While I cannot comment upon the precise reason why certain information was considered unclassified in the past, I can advise that given the risks that continue to exist to our forces and those of Afghanistan, I have directed that sensitive operational information or related materials, that could be used by those who threaten the force, or Afghan forces, be classified at the appropriate level.[3]

After making inquiries about this decision, Committee staff was informed that General Campbell recently told SIGAR about a partial reversal of the classification decision.  On February 2, 2015, the New York Times reported that “basic data” would be declassified but certain key information would remain classified, such as readiness assessments of Afghan force capabilities.[4]  It remains unclear which categories of information that were previously unclassified will continue to be classified.

The safety and security of U.S. and NATO forces in Afghanistan are paramount.  However, inappropriately classifying information severely restricts the ability of Congress to conduct meaningful oversight and impairs the ability of the American people to know how billions of their taxpayer dollars are being spent in Afghanistan.

For these reasons, we request an inventory of the specific items that were previously unclassified, but are now classified due to the recent decision.  The Committee also requests a briefing on these actions and the current status of any decision to classify previously unclassified information relating to Afghanistan.  Additionally, the briefing should include the Department’s plans to ensure that over classification of information does not impair the proper oversight of U.S. assistance in Afghanistan.  If you have any questions, please contact Sang Yi of the Majority’s staff at (202) 225-5074 or Valerie Shen of the Minority’s staff at (202) 225-5051.  Thank you for your consideration of this request.

Sincerely,

 

            Rep.
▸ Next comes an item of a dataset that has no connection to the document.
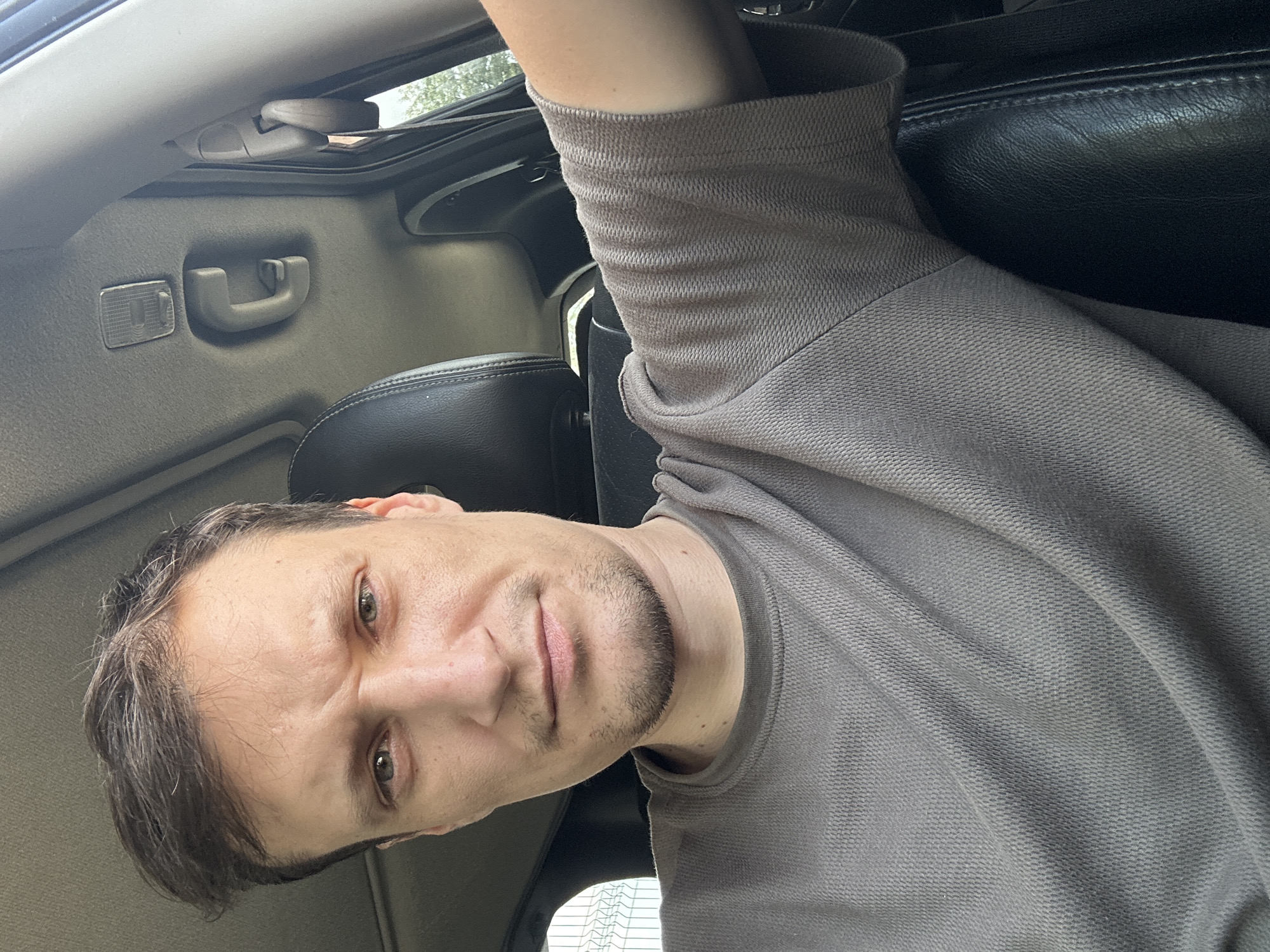 A man is captured in a selfie from the chest up, seated inside a vehicle. The man has short, dark brown hair, light green eyes, and a light beard. He is wearing a grey, short-sleeved t-shirt. The interior of the car is visible, including the headrest of a black leather seat, the car's ceiling with a grab handle and a light fixture, and the window. The man is looking directly at the camera with a neutral expression. The image was taken in Shatava, Ukraine.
Jason Chaffetz                                          Rep. Elijah E. Cummings

            Chairman                                                          Ranking Member

 

 

 

            Rep. Ron DeSantis                                           Rep. Stephen F. Lynch

            Chairman                                                          Ranking Member

            Subcommittee on National Security                   Subcommittee on National Security

 

 

[1] Special Inspector General for Afghanistan Reconstruction, Quarterly Report to the United States Congress, at 94 (Jan. 30, 2015).

[2] Id. at 197-202.

[3] Memorandum from General John F. Campbell, Commander, Resolute Support Mission, to John F. Sopko, Special Inspector General for Afghanistan Reconstruction (Jan. 18, 2015).

[4] Matthew Rosenberg, U.S. Declassifies Some Information on Afghan Forces, N.Y. Times, Feb. 2, 2015 available at www.nytimes.com/2015/02/03/world/asia/in-reversal-us-declassifies-data-on-afghan-army-and-police.html.